Me, I’m thinking it’s high time some attention was paid to the serious female competitors who don’t look like they walked off of Atlantic City stage boards. I;m looking forward to following the career of one of America’s best, Karin Marshall, who is going to do wonderful things for women’s world-class lifting. I’ve seen her in the prelims against international competition. She scowls formidably as she comes out for her lift, already hoisting it in her mind, almost radiating hatred for the weight she’s determined to bear over her head. Then, quick and mighty, (the bar bending like a licorice stick as she moves), swoop! She steadies, knows it’s hers, and breaks into happy triumphant smile. After setting the weight down with a controlled release, she gives her victory leap into the air. When I saw her, she did a lot of lifting and a lot of leaping.

I hope to be able to watch her perform now and then. It sort of depends on whether or not her sport gets any media attention. Maybe if she put on a short skirt or a sexier leotard?

If you take sex out of the equation, why would anyone watch women’s sports? There are mens DIII schools that have better basketball teams than the best WNBA team. How often are they on TV?

We’re not talking about the bare-legs illusion, we’re talking about something else. Why do you think they call it a “camel spin?”

Well, the OP did talk about skaters wearing “skirts, panties and hose rather than pants or tights”…

Anyway I don’t really see any emphasis on crotch. Just a display of body posture accentuated by their arms and legs.

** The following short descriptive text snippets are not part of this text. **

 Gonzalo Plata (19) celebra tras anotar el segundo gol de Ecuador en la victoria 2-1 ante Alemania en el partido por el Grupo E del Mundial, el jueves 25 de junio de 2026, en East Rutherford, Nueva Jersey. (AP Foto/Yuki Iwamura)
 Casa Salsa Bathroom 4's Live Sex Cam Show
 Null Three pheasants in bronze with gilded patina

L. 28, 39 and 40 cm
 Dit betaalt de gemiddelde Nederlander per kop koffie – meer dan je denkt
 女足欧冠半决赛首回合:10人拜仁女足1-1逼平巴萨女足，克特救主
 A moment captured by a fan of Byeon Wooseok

http://sportsillustrated.cnn.com/inside_game/magazine/life_of_reilly/news/2002/01/16/life_of_reilly/

and note the inelegant circumlocution of the camel in the room here:

*Id. *

::fap::fap::fap::fap:::fap::

Well, they’re young women because few older women have bodies that move that way. The same applies to men; the 18-year-old football player is likely quicker and more flexible, and has more stamina than the 40-year-old. They’re pretty because they’re supposed to be: hair is styled and makeup applied and all their training means they never had a chance to get out-of-shape. I have no idea if the ones you’re seeing ever had sex or not; some of the ones I knew couldn’t get enough, to be totally honest. And finally, they probably look pre-pubescent because their physical development has been delayed due to the daily training, although more research is being done in this area–see this abstract, and from the link:

As for “short skirts, panties, and hose,” it has to be said that it’s really a leotard with a skirt sewn on–nothing different from the leotards that were worn in gyms and such for years, before women started working out in pants. IIRC, such outfits (one piece leotards with skirts) are mandated in the various figure skating rulebooks–it’s been years since I last saw one, but I do recall very strict dress requirements about what could and could not be worn in competition. Pants were always forbidden.

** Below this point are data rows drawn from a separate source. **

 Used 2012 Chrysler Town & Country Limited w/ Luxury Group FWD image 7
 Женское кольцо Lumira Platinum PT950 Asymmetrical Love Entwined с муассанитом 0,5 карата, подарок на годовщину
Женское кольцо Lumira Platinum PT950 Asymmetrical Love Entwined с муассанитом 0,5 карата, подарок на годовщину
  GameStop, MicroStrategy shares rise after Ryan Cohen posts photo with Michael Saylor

One more thing I see on preview: the camel spin has been called that for years. I’m sure it was in use before the term “cameltoe” came to mean what it does colloquialy today.

So why the crotch shots? I dunno. Partly balance, I suppose–you’re going to fall and fall hard unless you spread your legs to balance. Partly because it affords a certain level of difficulty–a spin is just a spin unless you can grab your foot and lift it over your head. Partly because of the laws of physics–you’re not going to be able to do a certain move unless you spread your legs so your feet each are on an outside edge. I’m no expert, but I come from a figure skating family, and lived with this stuff for years. There really isn’t anything sexual about it, regardless of the age of the skater–as with gymnasts, it’s all about being able to move freely.

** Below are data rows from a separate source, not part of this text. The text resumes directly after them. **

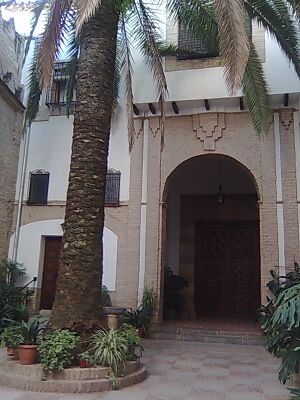 Patio entrada del Convento de la Encarnación.jpg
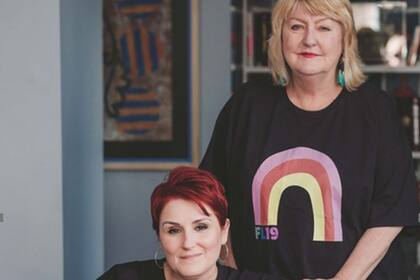 La organización Frontline19, basada en Londres, fue establecida por Claire Goodwin-Fee y Ellen Waldren para ofrecer terapia gratuita a los trabajadores de salud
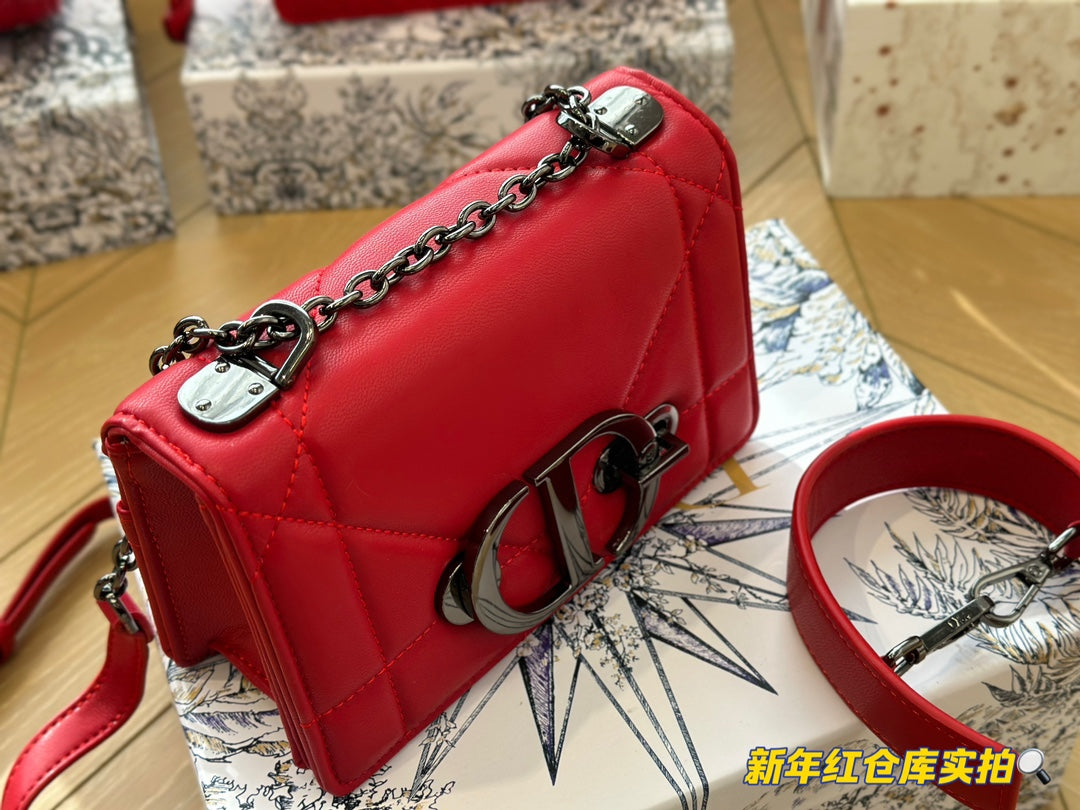 D new arrival MONTAIGNE bag size: 18*11 cm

And they get women defecting from the Court Volleyball routine. I read somewhere that a fair number of women who play Court Volleyball get fed up with the overly rigid coaches and confining rules, and the last thing they do before dropping out of the sport entirely is switch over to Beach Volleyball out of desperation. They’re usually pretty happy with the much looser structure, so they stay in the sport. Defections from Beach Volleyball to Court Volleyball aren’t anywheres near as common.

That’s all you needed to say in order to defeat your own argument, really.